**DESCRIPTION OF THE TASK**.
Apart from the images, the entire listing below must be restated word for word.

>>>

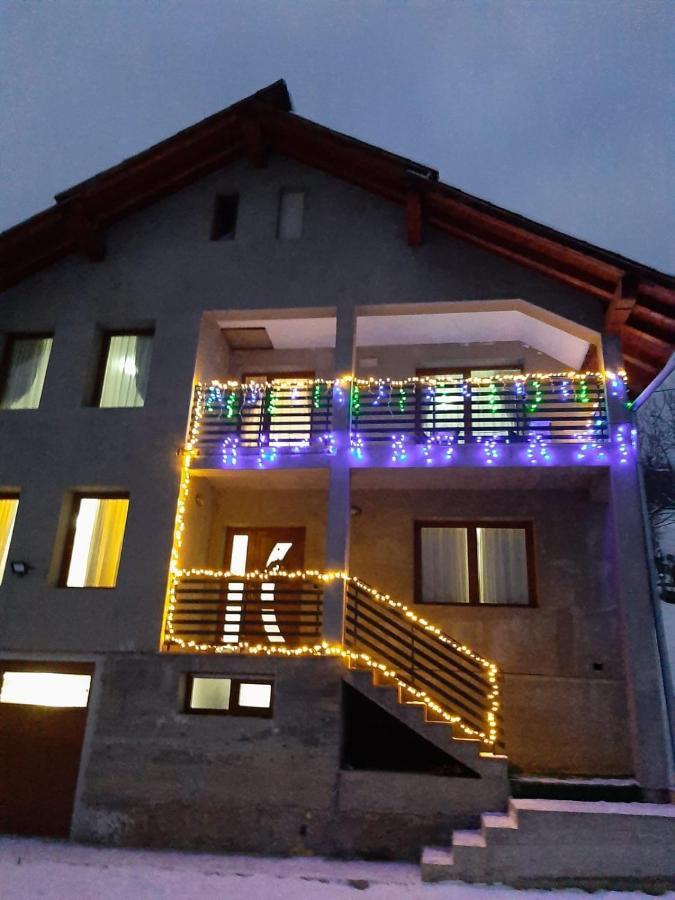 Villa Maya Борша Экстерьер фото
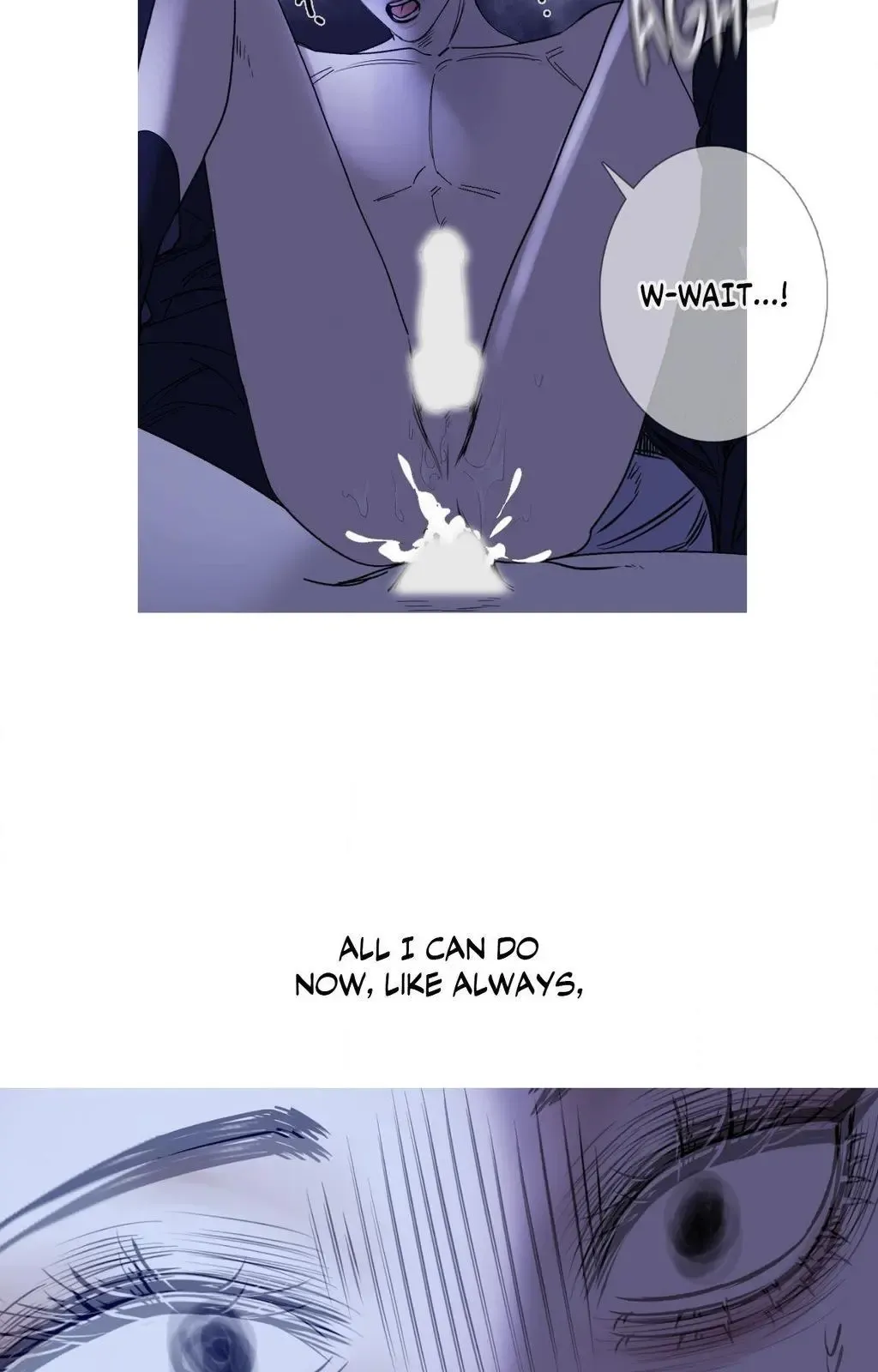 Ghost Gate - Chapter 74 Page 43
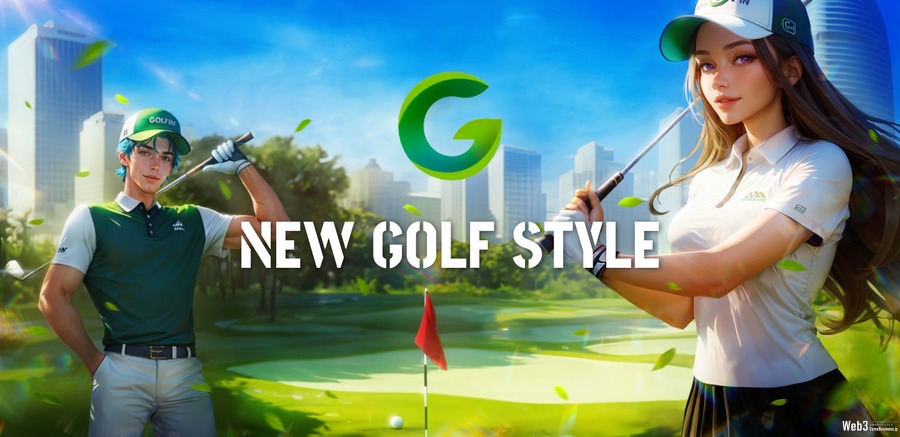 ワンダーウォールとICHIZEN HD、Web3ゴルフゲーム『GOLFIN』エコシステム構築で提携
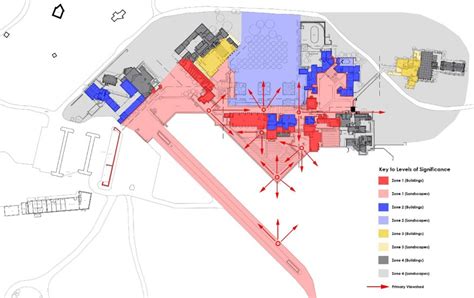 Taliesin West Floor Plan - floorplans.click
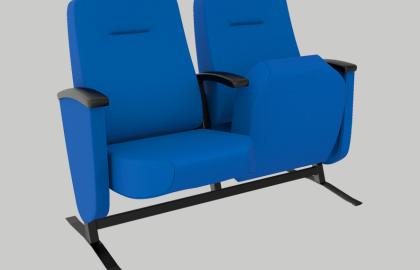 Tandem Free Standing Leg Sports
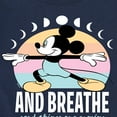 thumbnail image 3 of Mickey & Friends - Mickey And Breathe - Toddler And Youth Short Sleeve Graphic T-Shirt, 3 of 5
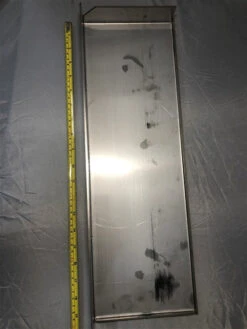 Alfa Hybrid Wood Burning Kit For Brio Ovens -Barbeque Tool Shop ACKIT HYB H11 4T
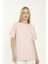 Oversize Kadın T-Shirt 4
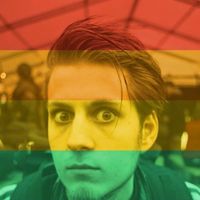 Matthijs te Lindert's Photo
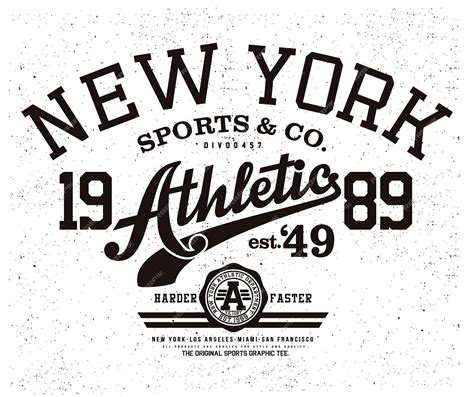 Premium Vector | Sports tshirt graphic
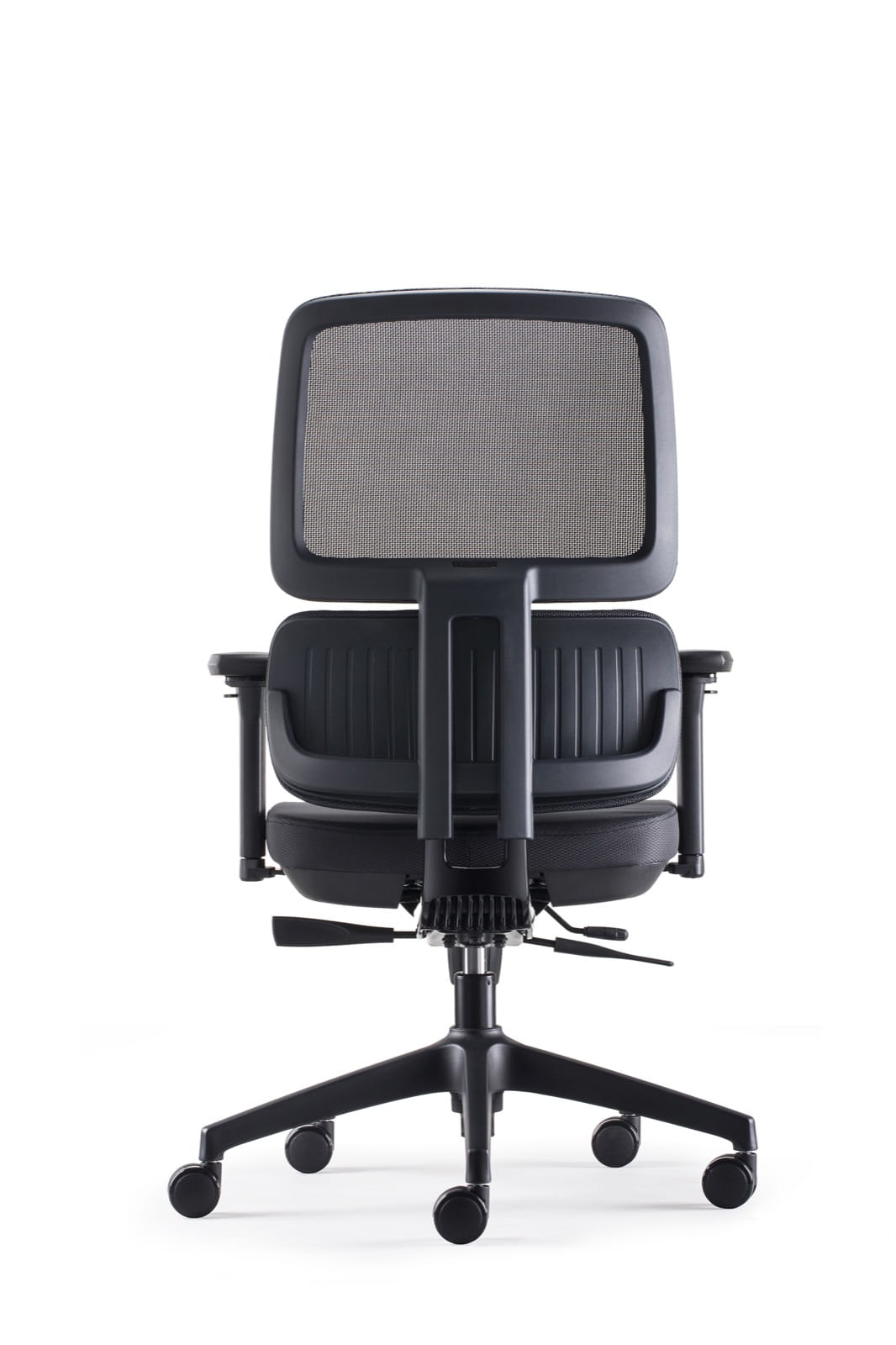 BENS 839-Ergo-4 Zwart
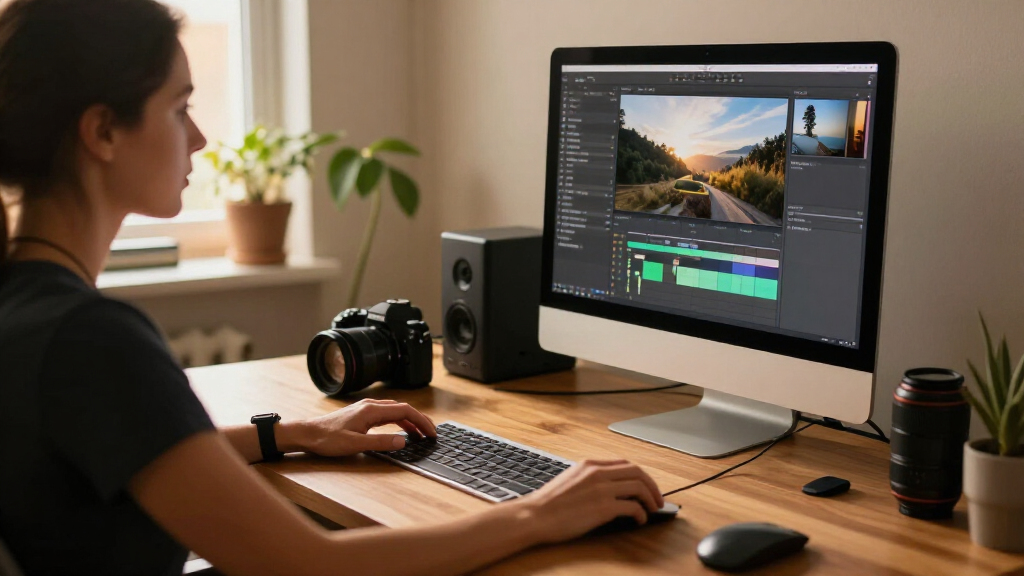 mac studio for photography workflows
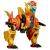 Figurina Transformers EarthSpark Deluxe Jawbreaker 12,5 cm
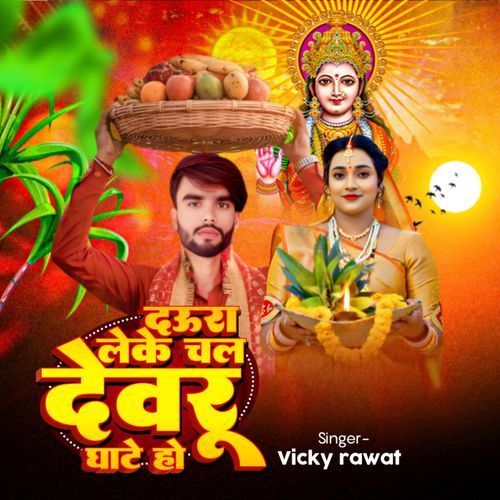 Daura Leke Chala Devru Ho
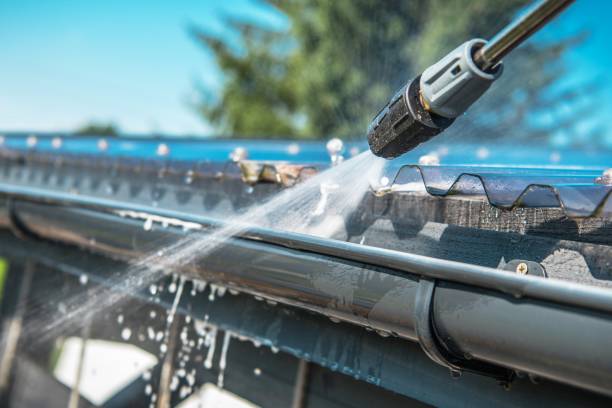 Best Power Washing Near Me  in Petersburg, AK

<<<

**EXERCISE OUTPUT**.
 Villa Maya Борша Экстерьер фото
 Ghost Gate - Chapter 74 Page 43
 ワンダーウォールとICHIZEN HD、Web3ゴルフゲーム『GOLFIN』エコシステム構築で提携
 Taliesin West Floor Plan - floorplans.click
 Tandem Free Standing Leg Sports
 thumbnail image 3 of Mickey & Friends - Mickey And Breathe - Toddler And Youth Short Sleeve Graphic T-Shirt, 3 of 5
 Alfa Hybrid Wood Burning Kit For Brio Ovens -Barbeque Tool Shop ACKIT HYB H11 4T
 Oversize Kadın T-Shirt 4
 Matthijs te Lindert's Photo
 Premium Vector | Sports tshirt graphic
 BENS 839-Ergo-4 Zwart
 mac studio for photography workflows
 Figurina Transformers EarthSpark Deluxe Jawbreaker 12,5 cm
 Daura Leke Chala Devru Ho
 Best Power Washing Near Me  in Petersburg, AK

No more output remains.